** DATASET CONTENT follows **

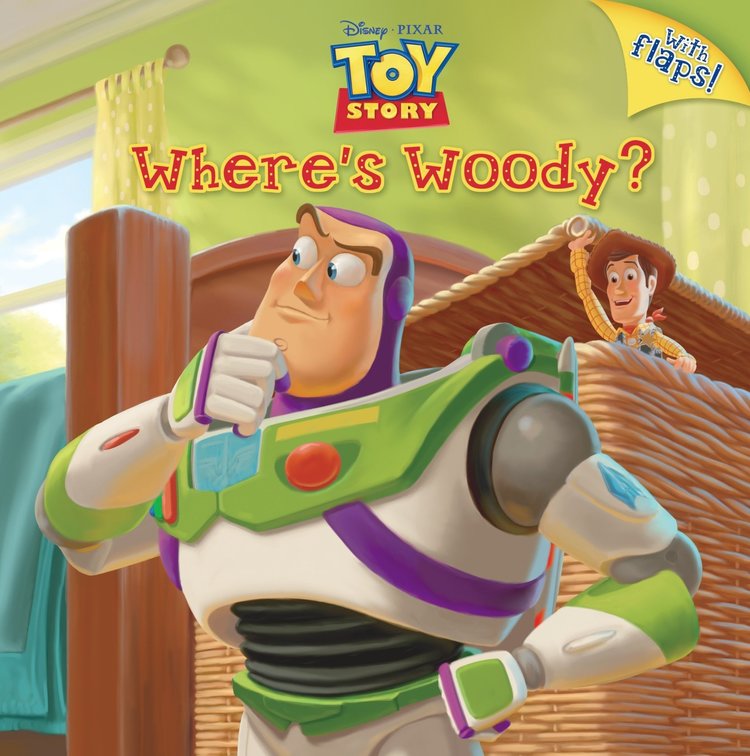 WHERE'S WOODY? PICTUREBACK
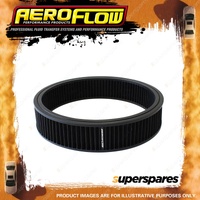 Aeroflow Round Air Filter 14" X 2-1/4" Ford Gt Xr Xt Xw A126 Equiv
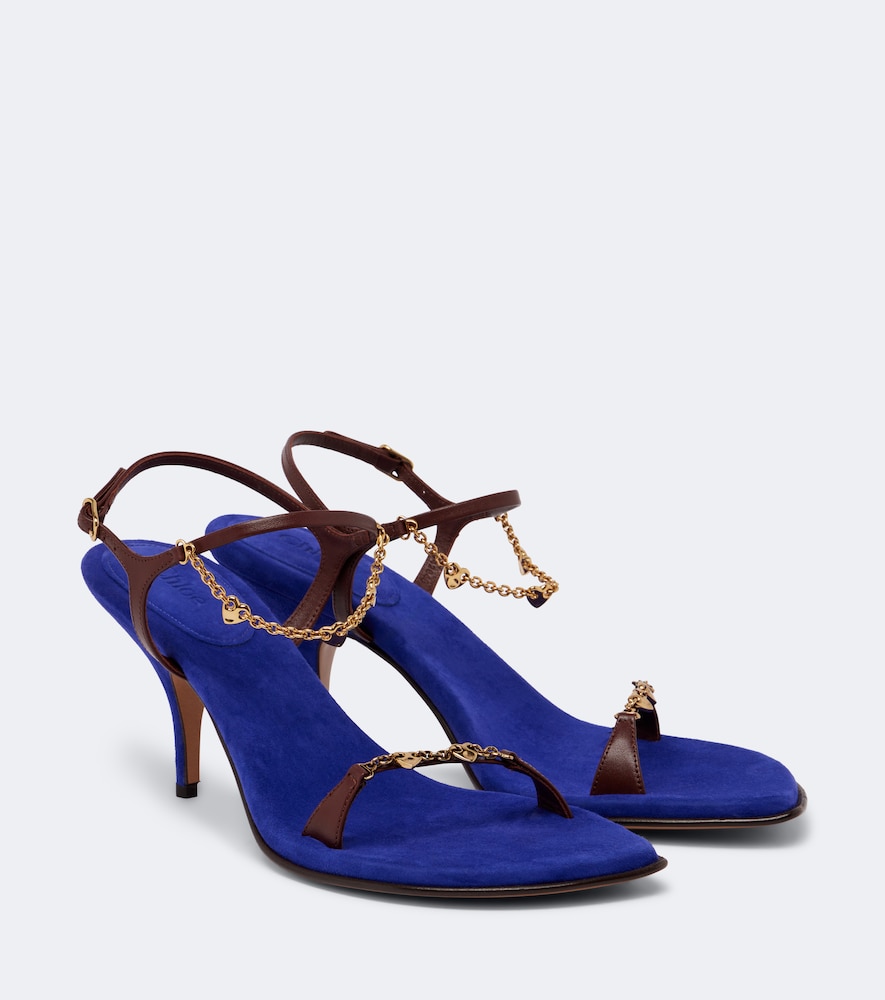 Chloé Sandalen aus Leder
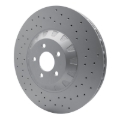 Picture of DFC GeoSPEC Coated Rotors-Drilled Brake Rotors - 624-54081D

** End of DATASET CONTENT **

■ WHAT YOU NEED TO DO ■
Apart from its pictures, the material above should be repeated exactly.

■ EXERCISE SOLUTION ■
 WHERE'S WOODY? PICTUREBACK
 Aeroflow Round Air Filter 14" X 2-1/4" Ford Gt Xr Xt Xw A126 Equiv
 Chloé Sandalen aus Leder
 Picture of DFC GeoSPEC Coated Rotors-Drilled Brake Rotors - 624-54081D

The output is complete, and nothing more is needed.